*** Opening of DATA SUPPLIED ***

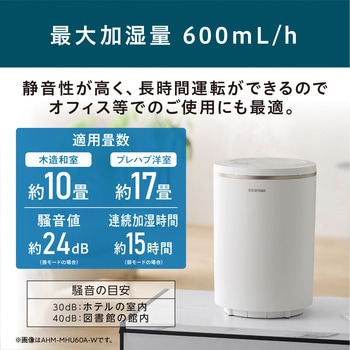 AHM-MHU60A-H 丸洗いスチーム式加湿器 1台 アイリスオーヤマ 【通販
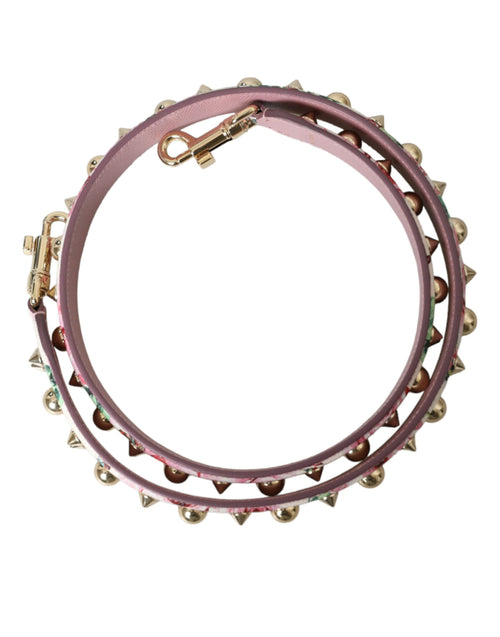 Dolce & Gabbana Pink Floral Handbag Accessory Shoulder Strap - ClickThatClicks 
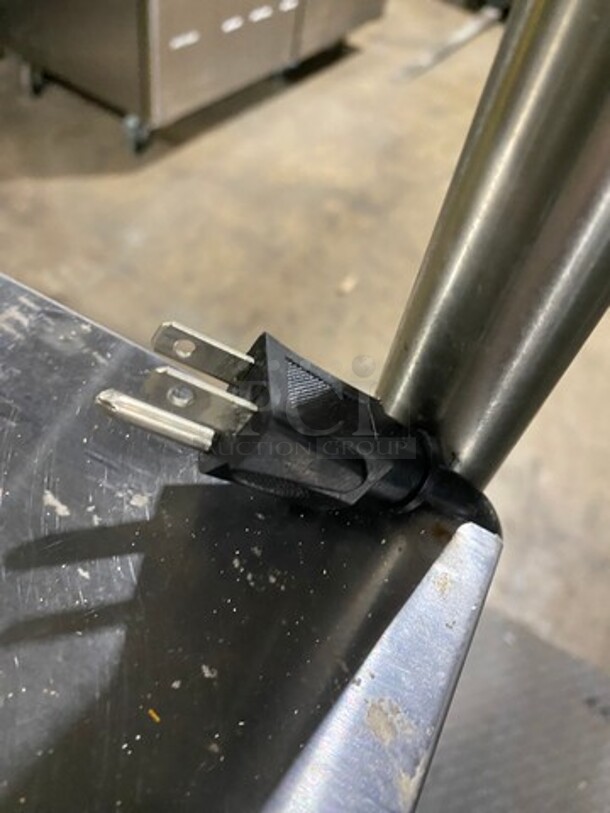 Cool Tech Commercial Refrigerated Sandwich Prep Table! With 2 Door Storage Space Underneath! With Double Over Head Shelf Storage! All Stainless Steel! On Casters! WORKING WHEN REMOVED! - Image 9 of 9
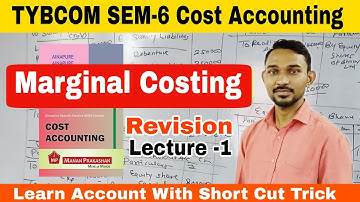 #1 TYBCOM SEM-6  CA || Revision Lecture Marginal Costing Lecture -2 || Atul Sir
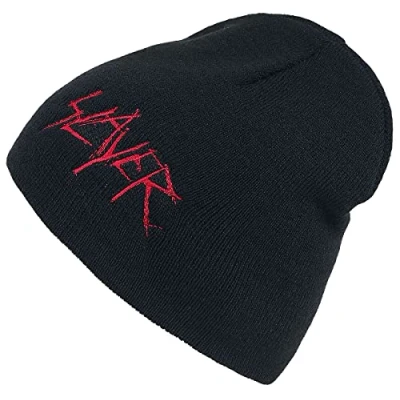 Afbeelding van Slayer Scratched Logo Beanie zwart Polyester Band merch, Bands, Festival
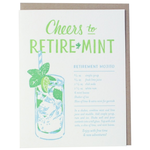 Greeting Cards - Retirement Mojito Recipe Retirement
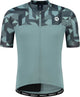 Rogelli Essential Grafik-Radsportshirt – kurze Ärmel – Herren – Grau – Größe S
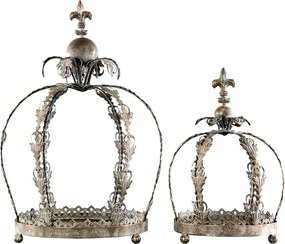 Karácsonyi Lampion Korona Régi Arany Retro Vintage Karácsony 2DB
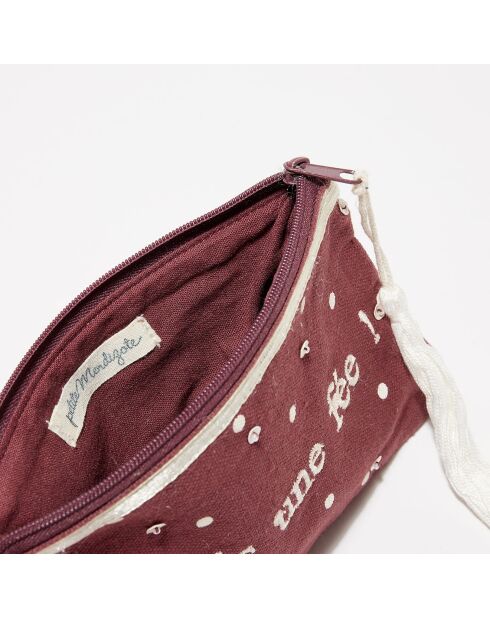 Pochette Aude coloris aléatoire 11x16.5 cm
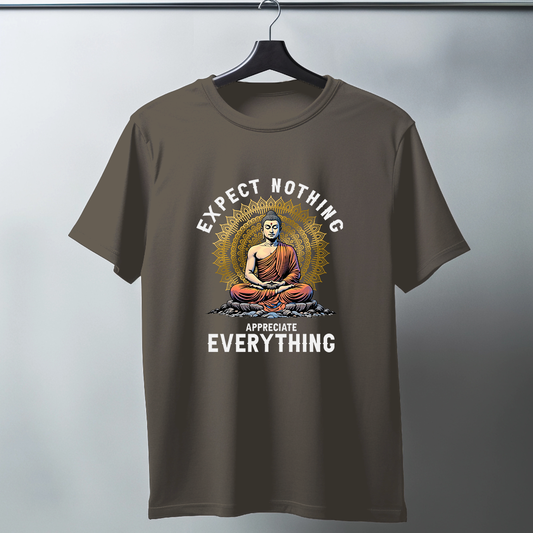Expect Nothing Appreciate Everything Half Sleeve T-Shirt v2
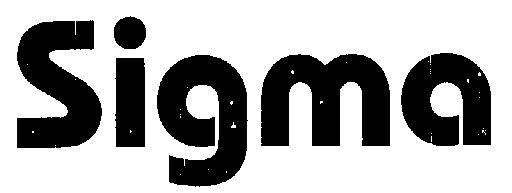 Sigma (letter Written In Heavy Character) Device mark 1492670 Trademark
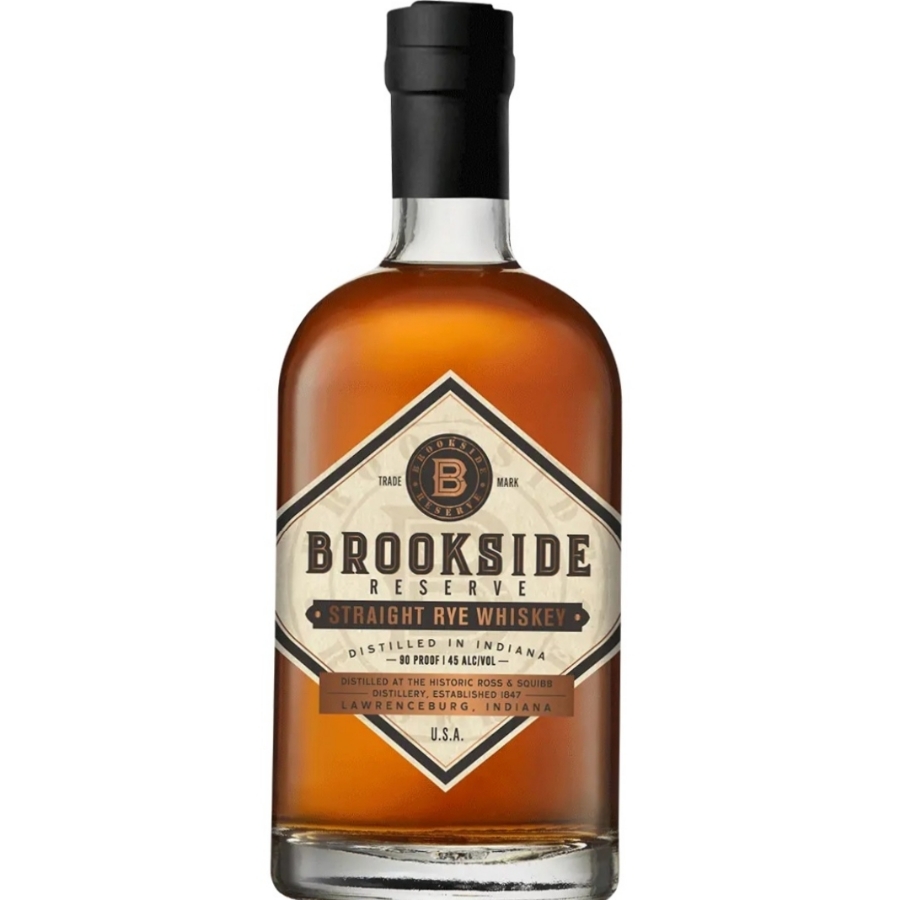 Brookside Reserve Straight Rye Whiskey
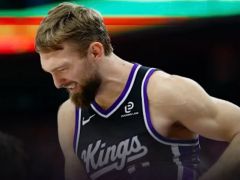 小萨确诊左膝半月板撕裂！预计3-4周后接受复查：国王雪上加霜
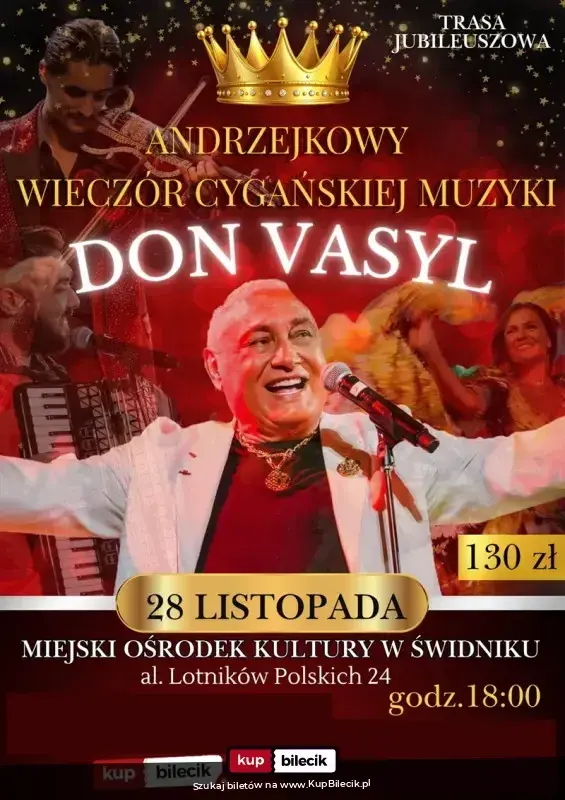 Don Vasyl i Gwiazdy Cygańskiej Pieśni – Andrzejkowy Wieczór Muzyki Cygańskiej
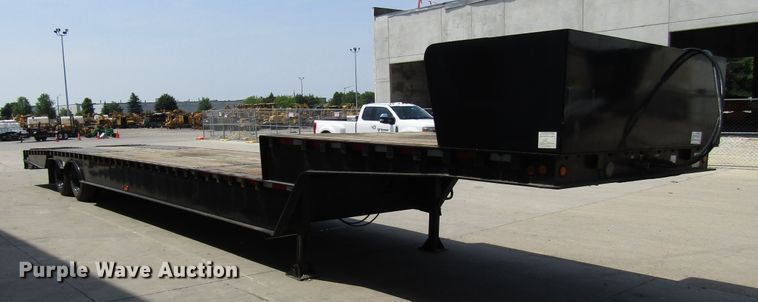 image for item DG1319 2008 Trail Eze TE80HT50 drop deck equipment trailer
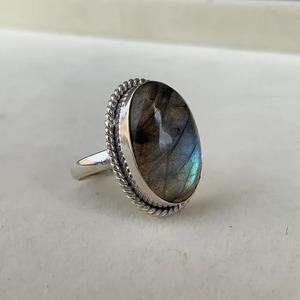 Beautiful Quartz 925 Sterling Silver Vintage Engagement <b>Ring</b> <b>Dainty</b> Boho Style Jewelry - Product Image 4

*** Close of DATA SUPPLIED ***

WORK REQUIRED »
Every line from the first line of the entries above through the line with "Dolce & Gabbana" must be repeated exactly, and pictures must not be.

EXERCISE ANSWER »
 AHM-MHU60A-H 丸洗いスチーム式加湿器 1台 アイリスオーヤマ 【通販
 Dolce & Gabbana Pink Floral Handbag Accessory Shoulder Strap - ClickThatClicks 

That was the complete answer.